Mullican’s digital pieces are as meditative as any of his physical canvases, their creation similarly relying on chance and possibility. As the artist recalled in the 2008 documentary Finding Lee Mullican, “You can wipe out something [on the computer] in one minute and then have it back in a different way. It was truly a creative experience for me.”

“LeeMullican.PCX” is not the first time that Mullican’s computer art has come to the NFT market. In November 2021, Web3 platform Verisart, in partnership with Marc Selwyn Fine Art and Mullican’s estate, released 15 of his digital works as NFTs in a sale titled “Computer Joy,” which yielded 16 ETH.

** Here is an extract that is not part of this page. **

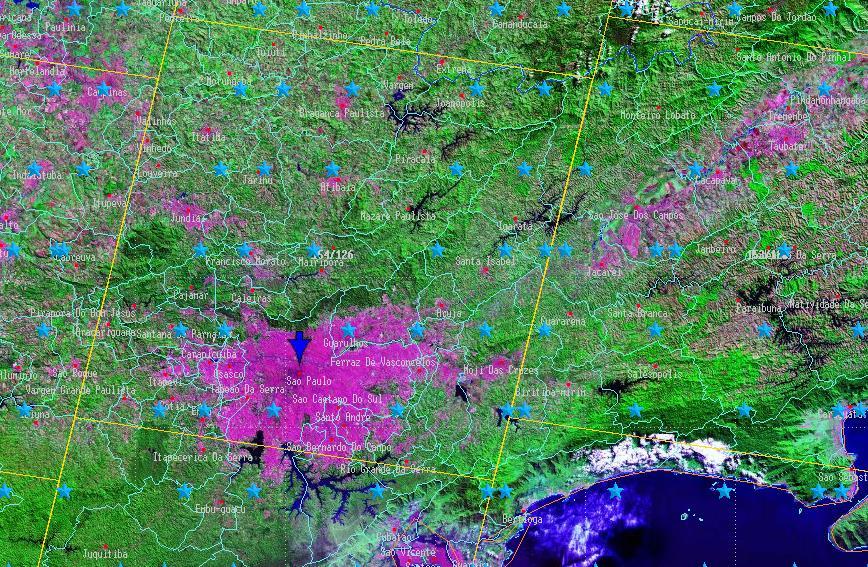 Localização das imagens CBERS-2b CCD e HRC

In intention, this latest release also joins a run of other NFT projects similarly minting early computer artworks, including Herbert W. Franke’s Math Art drop on Quantum Art in May 2022 (also overseen by Meier), and Sotheby’s “Natively Digital 1.3” sale in 2022 which featured pieces by Vera Molnár, Charles Csuri, and Roman Verostko. The aim isn’t just to situate contemporary digital art within the lineage of computer art, but to fold these trailblazers into the blockchain age. 

Lee Mullican, LMSP6.PCX (1987). Photo courtesy of the Estate of Lee Mullican and Feral File.

Lee Mullican, LMSP6.PCX (1987). Photo courtesy of the Estate of Lee Mullican and Feral File.

Further, Meier is quick to put to rest any criticisms that these pioneering works are being “used to legitimize NFTs as art.” In her view, “it’s more the other way around: NFTs bring attention to the beginnings and history of digital art. Many of the pioneers are finally getting the recognition they deserve for their achievements, their fighting spirit and spirit of discovery, and their perseverance.”

And all the more so for Mullican’s digital experiments, which, as Root put it, the artist embarked on “not for anyone else or a market.” That they are now finding an appreciative audience is a credit to the art itself, if not Mullican’s spirit of freeform exploration.

“I think a significant takeaway from this work is that Lee was making it for his own satisfaction and enjoyment. That’s why the work holds up, because it comes from a pure place of joy and creativity,” Root added. “He was having fun and it shows.”